Winters recalls that when he returned to San Antonio after serving with the Army in the Korean War, a relative would nudge him and say, “Let’s go work some graves.” With shovels and picks, they began a tradition of clearing away weeds in the shade of gnarled mesquite and oak trees where ancestors were buried.
Decades before heavy machinery carved away Anderson Road to build Loop 1604, grave markers at the neatly maintained cemetery were often dotted with fresh flowers. In the cemetery’s heyday, a funeral would see churchgoers in their Sunday finery, walking behind a horse-drawn carriage bearing the casket to the burial ground. It was a communitywide event.
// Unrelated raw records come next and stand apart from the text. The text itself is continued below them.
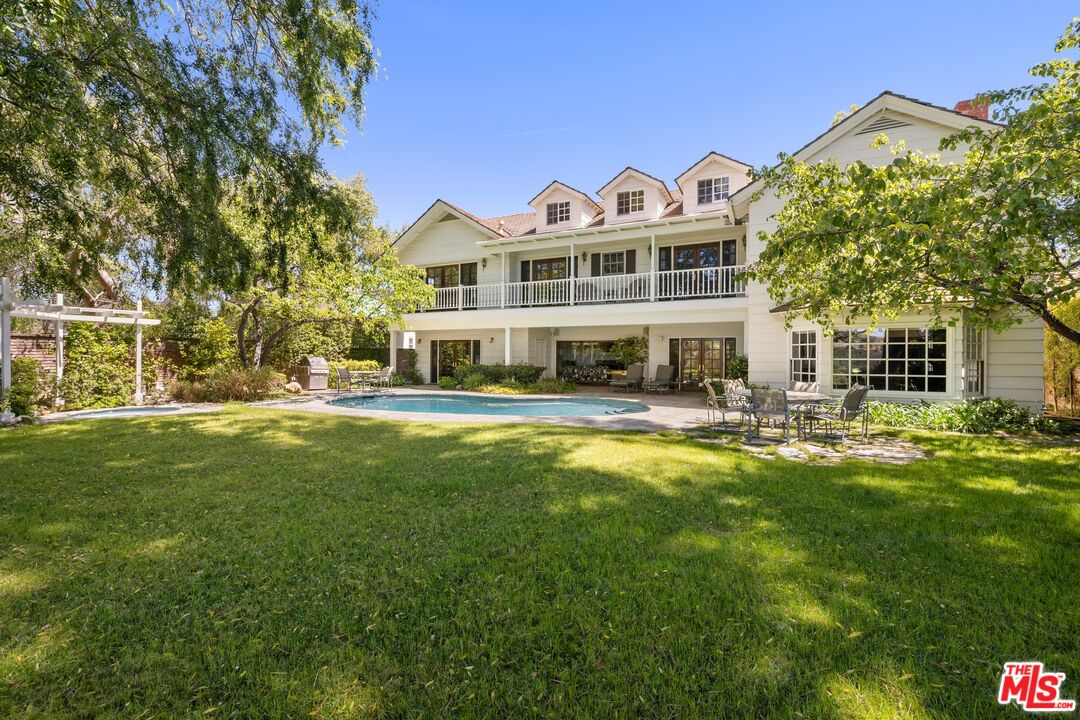 Buy or rent a property | Roscomare Rd, Los Angeles 90077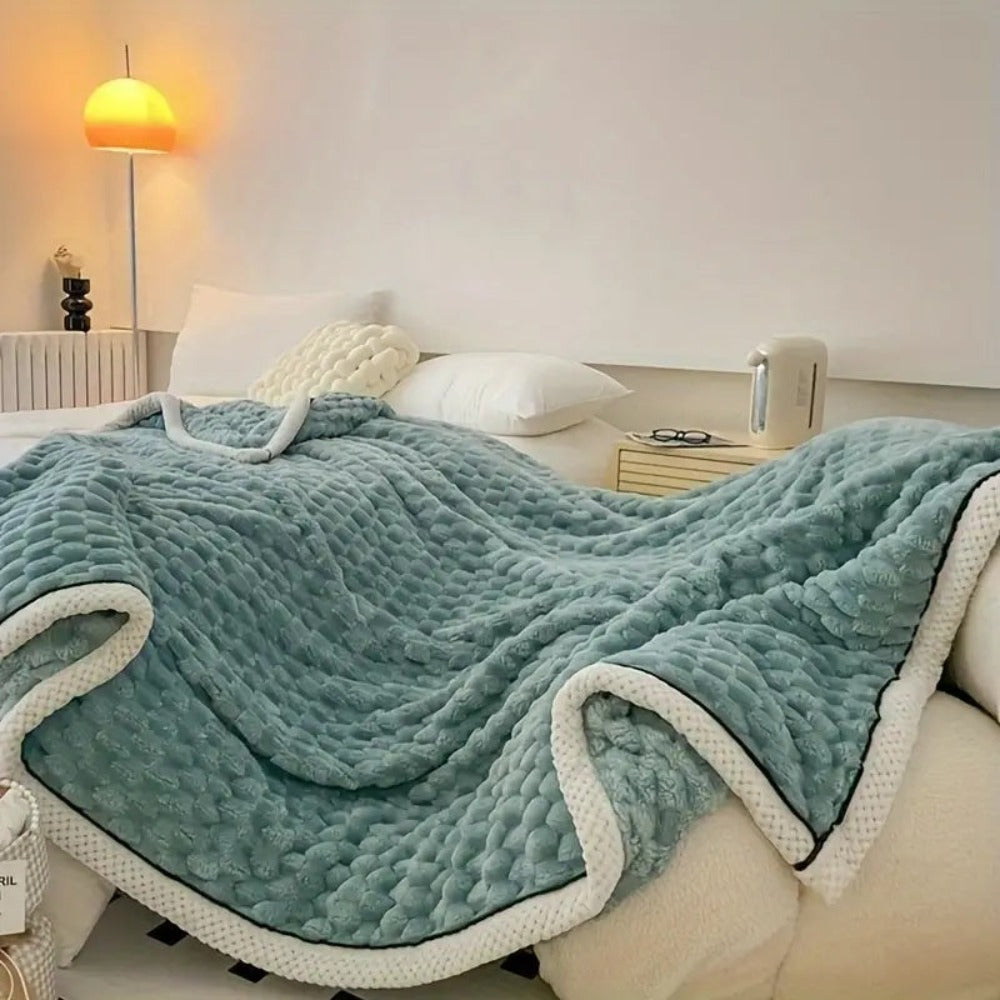 Cloud Cuddle Blanket – Gentle Touch for Elegant Interiors - Atelier Dubois Paris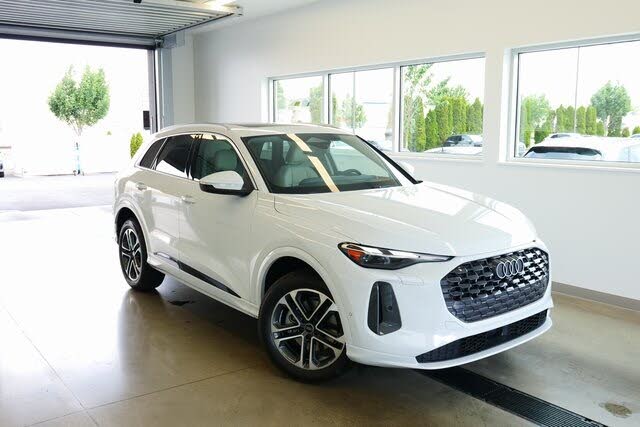 2025 Audi Q5 quattro Premium 40 TFSI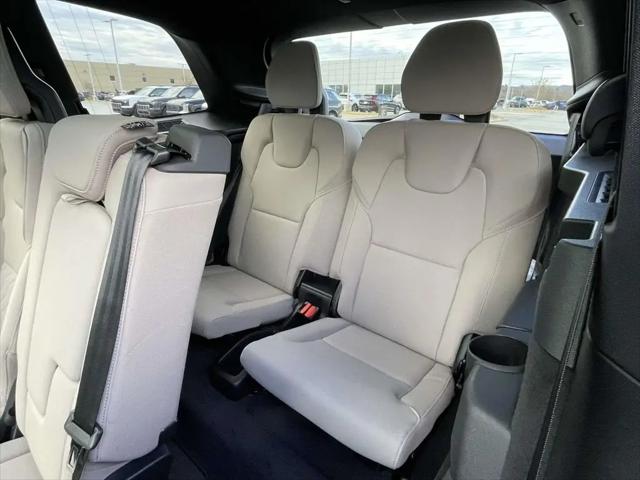 2026 Volvo XC90 Plus, B6 AWD Gas mild hybrid, Gasoline, Bright, 7 Seats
Today, spent shotgun shells and sun-bleached bones of longdead critters litter what was once the Winters-Jackson Family Cemetery.
“This is the first time that I’m able to stand on this sacred ground,” Brooks said of the cemetery she’d only heard about in stories. “When you have this, it affirms that we had life here. There was just a tenacity of the people. They didn’t give up.”
The Winters family can recall stories of their ancestors celebrating the holiday and the promise of progress awaiting future generations that included Daniel Winters, the patriarch of the Winters family affectionally known as “Uncle Dan.” He’s the last living link to a rich heritage and forgotten cemetery that Fly is hoping to rededicate.
“It really angers me,” Winters said, standing in the parched grass where headstones and markers once lay. “I feel violated, as if someone broke into your house.”
A year ago, Fly enlisted the help of the archaeological team at the University of Texas at San Antonio, city archaeologist Kay Hindes, Austin architect Ellen Hunt and other historians to determine the perimeter and extent of the former cemetery. In April, a search by Fly and the archaeologists yielded three bone fragments, personal items and coffin hardware.
The cemetery is one of several once owned by black settlers on the Northeast Side and outer parts of Bexar County. The post-Civil War settlements were a sign of the times, when African-Americans pooled their resources to purchase land and build independent communities that included their own cemeteries.
Fly, a San Antonio native, was a graduate student at Harvard when he began his four decades of historical research. He has uncovered histories of more than 1,200 African-American and Native American historic settlements across the nation. For his work, Fly received the 2014 National Humanities Medal.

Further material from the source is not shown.